Denn es gibt es weiter Widerstand von der nordirischen Partei DUP, auf deren Zustimmung Premierminister Johnson im Unterhaus angewiesen ist. Auch der Chef der oppositionellen Labour-Partei, Jeremy Corbyn, rief die Abgeordneten auf, das Abkommen abzulehnen. Damit wird eine Zustimmung durch das Parlament unsicherer. Die Sitzung ist für Samstag geplant.

Vor diesem Hintergrund legt sich die zwischenzeitliche Freude an den europäischen Aktienmärkten wieder ab und auch das Pfund, das mit der Einigung auf den höchsten Stand seit fünf Monaten bei knapp 1,30 Dollar gestiegen war, kommt wieder deutlicher zurück. Auch der Future auf den S&P-500 gibt aktuell einen Teil der zwischenzeitlichen Gewinne wieder ab und notiert noch 0,2 Prozent im Plus.

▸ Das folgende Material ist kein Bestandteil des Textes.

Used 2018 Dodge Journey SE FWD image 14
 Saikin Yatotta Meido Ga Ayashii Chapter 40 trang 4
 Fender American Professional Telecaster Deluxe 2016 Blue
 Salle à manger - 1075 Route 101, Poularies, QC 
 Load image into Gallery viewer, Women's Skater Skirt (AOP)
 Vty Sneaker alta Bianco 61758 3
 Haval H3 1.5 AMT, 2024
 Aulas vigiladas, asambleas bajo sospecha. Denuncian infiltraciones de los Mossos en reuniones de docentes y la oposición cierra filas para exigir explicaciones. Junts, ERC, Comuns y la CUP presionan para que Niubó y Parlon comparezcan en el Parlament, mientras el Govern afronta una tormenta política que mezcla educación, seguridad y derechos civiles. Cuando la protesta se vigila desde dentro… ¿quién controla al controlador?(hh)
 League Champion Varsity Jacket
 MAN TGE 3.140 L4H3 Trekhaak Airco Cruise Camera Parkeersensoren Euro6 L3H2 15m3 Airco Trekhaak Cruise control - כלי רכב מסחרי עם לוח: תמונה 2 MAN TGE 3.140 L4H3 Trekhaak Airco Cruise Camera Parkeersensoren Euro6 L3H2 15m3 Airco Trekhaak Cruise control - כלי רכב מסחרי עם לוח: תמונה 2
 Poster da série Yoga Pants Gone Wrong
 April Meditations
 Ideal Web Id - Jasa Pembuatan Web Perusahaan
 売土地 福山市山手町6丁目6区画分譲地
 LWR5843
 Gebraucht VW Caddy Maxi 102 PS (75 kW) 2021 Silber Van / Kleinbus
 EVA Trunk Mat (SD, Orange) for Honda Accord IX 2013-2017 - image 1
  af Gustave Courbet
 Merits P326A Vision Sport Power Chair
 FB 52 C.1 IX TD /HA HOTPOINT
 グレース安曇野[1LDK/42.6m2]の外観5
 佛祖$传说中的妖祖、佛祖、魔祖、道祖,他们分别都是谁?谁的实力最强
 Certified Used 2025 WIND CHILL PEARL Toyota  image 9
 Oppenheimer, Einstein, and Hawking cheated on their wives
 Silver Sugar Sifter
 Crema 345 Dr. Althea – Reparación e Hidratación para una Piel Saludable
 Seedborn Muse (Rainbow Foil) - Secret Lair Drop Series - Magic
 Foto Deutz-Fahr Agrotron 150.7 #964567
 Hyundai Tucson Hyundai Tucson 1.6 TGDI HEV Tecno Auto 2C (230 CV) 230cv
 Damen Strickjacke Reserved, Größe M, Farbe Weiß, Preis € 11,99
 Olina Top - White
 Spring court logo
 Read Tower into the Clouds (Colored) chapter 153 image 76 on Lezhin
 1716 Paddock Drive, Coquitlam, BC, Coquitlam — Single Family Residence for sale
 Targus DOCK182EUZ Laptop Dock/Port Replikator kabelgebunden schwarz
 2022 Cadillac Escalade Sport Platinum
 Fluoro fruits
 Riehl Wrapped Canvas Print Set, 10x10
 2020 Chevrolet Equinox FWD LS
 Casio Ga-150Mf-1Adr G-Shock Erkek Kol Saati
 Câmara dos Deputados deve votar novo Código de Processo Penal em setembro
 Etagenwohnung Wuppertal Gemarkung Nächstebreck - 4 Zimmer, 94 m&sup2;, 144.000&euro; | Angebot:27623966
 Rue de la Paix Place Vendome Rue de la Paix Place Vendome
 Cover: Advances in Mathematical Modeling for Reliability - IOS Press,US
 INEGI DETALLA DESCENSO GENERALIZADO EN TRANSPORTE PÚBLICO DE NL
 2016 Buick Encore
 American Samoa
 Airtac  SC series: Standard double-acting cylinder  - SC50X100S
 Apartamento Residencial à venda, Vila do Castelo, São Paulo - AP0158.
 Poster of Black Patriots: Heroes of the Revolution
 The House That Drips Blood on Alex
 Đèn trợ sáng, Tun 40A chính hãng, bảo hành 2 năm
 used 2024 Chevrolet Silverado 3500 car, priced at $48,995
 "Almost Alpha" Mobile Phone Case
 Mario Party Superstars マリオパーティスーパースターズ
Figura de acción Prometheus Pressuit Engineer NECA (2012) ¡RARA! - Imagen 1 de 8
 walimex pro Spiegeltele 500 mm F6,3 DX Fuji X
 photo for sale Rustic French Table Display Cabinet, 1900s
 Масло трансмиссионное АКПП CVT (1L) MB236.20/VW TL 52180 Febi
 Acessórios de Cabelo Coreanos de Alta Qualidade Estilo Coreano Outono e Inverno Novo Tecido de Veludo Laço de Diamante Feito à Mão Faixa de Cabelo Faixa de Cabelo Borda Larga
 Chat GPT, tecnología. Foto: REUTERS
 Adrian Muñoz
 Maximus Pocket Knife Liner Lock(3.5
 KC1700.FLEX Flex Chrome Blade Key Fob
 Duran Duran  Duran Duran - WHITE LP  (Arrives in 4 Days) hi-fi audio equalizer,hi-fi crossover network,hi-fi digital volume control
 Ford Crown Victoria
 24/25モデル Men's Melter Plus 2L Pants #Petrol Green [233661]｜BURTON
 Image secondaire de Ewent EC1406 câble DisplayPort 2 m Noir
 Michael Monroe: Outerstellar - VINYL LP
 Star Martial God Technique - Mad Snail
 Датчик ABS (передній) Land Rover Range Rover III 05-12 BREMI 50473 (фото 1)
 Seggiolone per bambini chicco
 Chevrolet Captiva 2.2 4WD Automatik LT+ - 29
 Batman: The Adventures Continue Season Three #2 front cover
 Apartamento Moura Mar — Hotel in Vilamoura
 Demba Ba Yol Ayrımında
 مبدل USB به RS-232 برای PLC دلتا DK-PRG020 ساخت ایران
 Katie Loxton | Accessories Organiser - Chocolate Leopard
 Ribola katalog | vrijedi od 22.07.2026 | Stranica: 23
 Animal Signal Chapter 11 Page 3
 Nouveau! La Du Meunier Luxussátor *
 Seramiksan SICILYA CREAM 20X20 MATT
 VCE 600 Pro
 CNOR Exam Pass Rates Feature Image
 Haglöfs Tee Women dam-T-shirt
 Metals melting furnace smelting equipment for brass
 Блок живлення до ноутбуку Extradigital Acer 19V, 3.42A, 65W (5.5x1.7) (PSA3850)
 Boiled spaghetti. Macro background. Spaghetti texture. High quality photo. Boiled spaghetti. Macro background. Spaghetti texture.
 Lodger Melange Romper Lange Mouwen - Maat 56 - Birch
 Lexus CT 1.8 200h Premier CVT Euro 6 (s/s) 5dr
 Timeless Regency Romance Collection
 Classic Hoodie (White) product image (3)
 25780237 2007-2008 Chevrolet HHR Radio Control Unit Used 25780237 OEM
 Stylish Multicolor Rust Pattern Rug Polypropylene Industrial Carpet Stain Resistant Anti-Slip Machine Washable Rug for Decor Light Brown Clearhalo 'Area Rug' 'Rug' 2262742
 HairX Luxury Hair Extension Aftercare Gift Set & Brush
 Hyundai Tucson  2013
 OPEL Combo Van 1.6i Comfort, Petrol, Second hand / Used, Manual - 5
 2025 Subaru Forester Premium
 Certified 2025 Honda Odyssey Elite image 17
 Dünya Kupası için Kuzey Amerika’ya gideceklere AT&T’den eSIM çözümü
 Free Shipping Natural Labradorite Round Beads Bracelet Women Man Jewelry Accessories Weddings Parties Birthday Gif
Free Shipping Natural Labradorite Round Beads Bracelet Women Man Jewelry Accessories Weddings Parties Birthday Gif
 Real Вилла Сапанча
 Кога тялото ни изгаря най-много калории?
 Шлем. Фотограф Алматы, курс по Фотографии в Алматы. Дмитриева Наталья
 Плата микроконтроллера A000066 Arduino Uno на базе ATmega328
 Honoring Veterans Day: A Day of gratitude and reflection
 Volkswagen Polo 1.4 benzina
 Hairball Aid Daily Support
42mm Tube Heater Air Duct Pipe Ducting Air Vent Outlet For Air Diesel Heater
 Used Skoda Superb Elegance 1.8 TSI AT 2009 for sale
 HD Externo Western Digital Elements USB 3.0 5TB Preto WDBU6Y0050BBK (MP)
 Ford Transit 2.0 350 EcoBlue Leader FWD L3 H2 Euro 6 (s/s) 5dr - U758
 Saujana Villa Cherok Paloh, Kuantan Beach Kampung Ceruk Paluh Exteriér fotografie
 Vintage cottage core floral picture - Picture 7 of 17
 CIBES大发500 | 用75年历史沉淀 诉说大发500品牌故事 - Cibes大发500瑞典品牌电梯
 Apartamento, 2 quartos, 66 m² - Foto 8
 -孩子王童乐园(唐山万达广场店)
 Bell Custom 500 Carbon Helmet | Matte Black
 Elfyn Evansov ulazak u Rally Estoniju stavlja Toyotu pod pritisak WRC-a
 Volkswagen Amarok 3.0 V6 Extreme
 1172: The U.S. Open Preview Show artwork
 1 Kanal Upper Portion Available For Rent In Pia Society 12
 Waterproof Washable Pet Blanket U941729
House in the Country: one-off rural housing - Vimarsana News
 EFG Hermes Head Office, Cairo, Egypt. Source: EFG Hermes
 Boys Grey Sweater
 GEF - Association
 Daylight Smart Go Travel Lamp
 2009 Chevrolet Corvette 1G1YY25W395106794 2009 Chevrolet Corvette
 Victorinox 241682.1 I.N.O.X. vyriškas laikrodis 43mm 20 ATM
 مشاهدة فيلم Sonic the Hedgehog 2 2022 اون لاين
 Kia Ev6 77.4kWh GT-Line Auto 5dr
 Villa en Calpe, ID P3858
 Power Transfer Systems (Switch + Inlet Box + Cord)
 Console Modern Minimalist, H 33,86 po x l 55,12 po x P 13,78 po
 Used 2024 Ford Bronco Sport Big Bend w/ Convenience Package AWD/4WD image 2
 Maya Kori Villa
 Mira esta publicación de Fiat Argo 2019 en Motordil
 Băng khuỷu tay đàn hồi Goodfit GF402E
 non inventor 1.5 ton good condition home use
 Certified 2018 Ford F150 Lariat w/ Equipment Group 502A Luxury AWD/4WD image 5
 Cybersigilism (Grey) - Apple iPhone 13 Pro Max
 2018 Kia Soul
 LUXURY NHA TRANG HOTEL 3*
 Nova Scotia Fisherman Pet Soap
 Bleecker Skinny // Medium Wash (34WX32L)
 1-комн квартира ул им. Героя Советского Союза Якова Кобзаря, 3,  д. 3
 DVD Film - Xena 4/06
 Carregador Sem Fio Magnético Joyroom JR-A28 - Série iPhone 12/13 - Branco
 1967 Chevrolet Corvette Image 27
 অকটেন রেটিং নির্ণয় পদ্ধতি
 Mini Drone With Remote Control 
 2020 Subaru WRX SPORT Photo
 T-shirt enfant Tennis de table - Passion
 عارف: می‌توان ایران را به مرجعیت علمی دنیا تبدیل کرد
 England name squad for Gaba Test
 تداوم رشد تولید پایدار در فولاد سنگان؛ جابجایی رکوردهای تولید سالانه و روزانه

Zudem bleibt der US-chinesische Handelsstreit ungelöst. Daneben dominiert die Berichtssaison weiterhin das Sentiment. Hier hatte am Mittwoch nachbörslich IBM mit den Quartalszahlen enttäuscht.

Im Verlauf stehen zudem eine Reihe von US-Konjunkturdaten auf der Agenda, die nach den enttäuschenden US-Einzelhandelsumsätzen am Vortag besonders im Fokus stehen. Der erste Rückgang seit Februar weckte bei den Investoren die Sorge, dass der für die US-Wirtschaft so wichtige private Konsum ebenfalls schwächeln könnte.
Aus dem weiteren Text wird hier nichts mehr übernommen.